Sebagaimana isi surat tersebut, SKAI menyampaikan sejumlah catatan dan rekomendasi Kepada Devisi Pemasaran Kredit Komersil dan Menengah selaku pejabat pemutus kredit PT. Budimas Pundinusa (Absalom Sine saat itu, red) dan seluruh pejabat terkait proses analisa kredit dimaksud, agar segera mempertanggungjawabkan pemberian kredit Rp 130 M tersebut paling lambat akhir Desember 2019.
“Kepada petugas kredit dan pejabat pemutus kredit (AS) agar bertanggungjawab terhadap penyelesaian seluruh tunggakan pokok dan bunga dengan melakukan penagihan secara intensif yang dibuktikan dengan LKN paling lambat akhir Desember 2019 sehingga terhindar dari kerugian bank yang lebih besar,” tulis SKAI lebih lanjut.
SKAI juga meminta AS, untuk melengkapi kekurangan pada analisa kelayakan usaha pemberian kredit (oleh pejabat pemutus kredit, red), khususnya terkait Perjanjian Kerja Sama (PKS) dengan pihak ketiga penyedia jasa fire protection & emergency respn service sebagai dasar analisa pemberian kredit kepada debitur (PT. Budimas Pundinusa, red) paling lambat akhir Desember 2019.
AS juga diminta untuk berkoordinasi dengan PT. Budimas Pundinusa selaku debitur untuk memastikan tempat usaha pembibitan dan penggemukan sapi di desa Oesao-Kecamatan Kupang Timur, Kabupaten Kupang serta memastikan usaha PT Budimas itu dicover asuransi kebakaran untuk meminimalisir resiko kerugian.
“Segera melakukan analisa kelayakan usaha (pembibitan dan penggemukan sapi, red) debitur (PT. Budimas Pundinusa, red) berdasarkan 3 pilar sesuai ketentuan yang berlaku terkait penetapan penilaian kualitas kredit,” perintah SKAI kepada pejabat pemutus kredit.
Catatan SKAI untuk AS selaku pejabat pemutus kredit untuk penjadi perhatian selanjutnya, yaitu terkait analisa pemberian kredit, khususnya dengan plafon kredit yang sangat besar, agar dilakukan analisa dan pengkajian secara komprehensif terkait kelayakan usaha yang dibiayai dan kemampuan membayar mengingat potensi resiko kredit yang sangat besar bagi bank, jika debitur (PT. Budimas Pundinusa, red) wanprestasi/gagal bayar dikemudian hari.
Namun, sejak tanggal surat tersebut dikeluarkan yaitu 2 Desember 2019 hingga saat ini, diduga semua penilaian dan rekomendasi oleh SKAI tidak ditindaklanjuti oleh AS selaku Kepala Devisi Pemasaran Kredit Komersil dan Menengah dansekaligus Pejabat Pemutus Kredit.

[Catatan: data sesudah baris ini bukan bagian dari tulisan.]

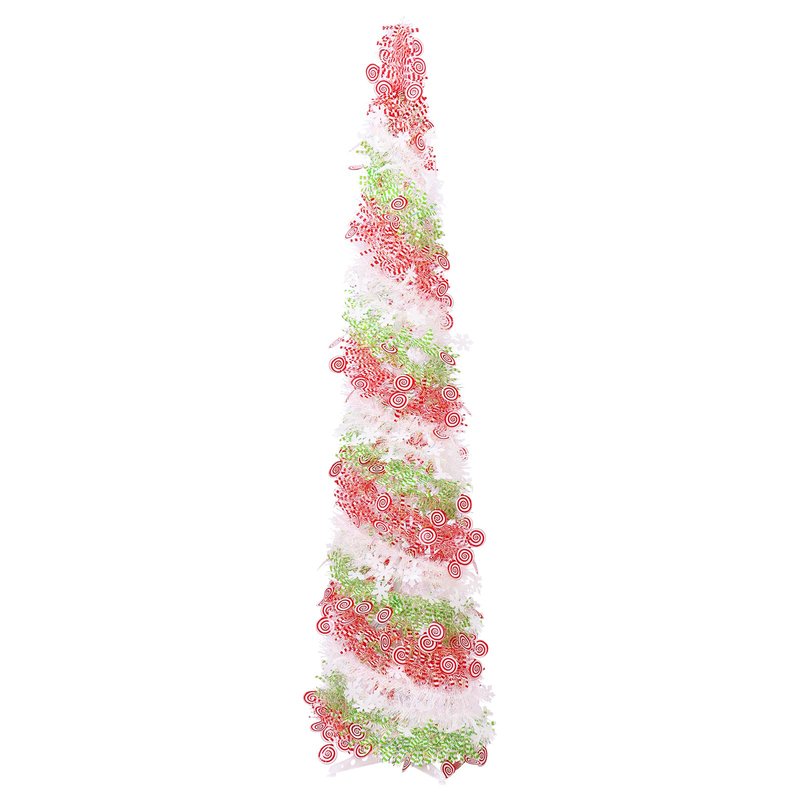 5FT Artificial Pencil Christmas Tree, Red Green White Pop Up Small Christmas Tinsel Tree, for Home Holiday Porch Fireplace Xmas Indoor Party Decoration.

Padahal, saat surat tersebut dikeluarkan, status kredit PT. Budimas Pundinusa sudah call 2 atau dalam perhatian khusus, karena telah menunggak hingga 3 bulan sejak tanggal pencairan kredit (tanggal 4 dan 8 April 2019 dan tanggal 31 Juli 2019, red).

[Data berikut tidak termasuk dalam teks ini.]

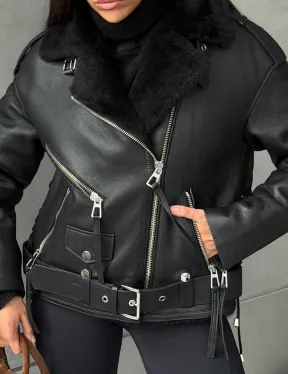 Черная короткая дубленка авиатор - фото 1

AS, mantan Kepala Devisi Pemasaran Kredit Komersil sekaligus Pejabat Pemutus Kredit terkait kredit PT. Budimas Pundinusa yang dikonfirmasi tim tim media ini via pesan WhatssApp/WA pada Minggu (14/11/2021), tidak menjawab walau telah melihat dan membaca pesan Wartawan.
AS kembali dikonfirmasi tim media ini melalui panggilan telepon selularnya sekitar Pukul 16.30 Wita, Senin (12/11/21) sore tadi namun ia tak menjawab panggilan tersebut. AS juga dikonfirmasi via pesan WA namun tidak merespon sama sekali walaupun pesan tersebut telah dibaca. (jh./tim).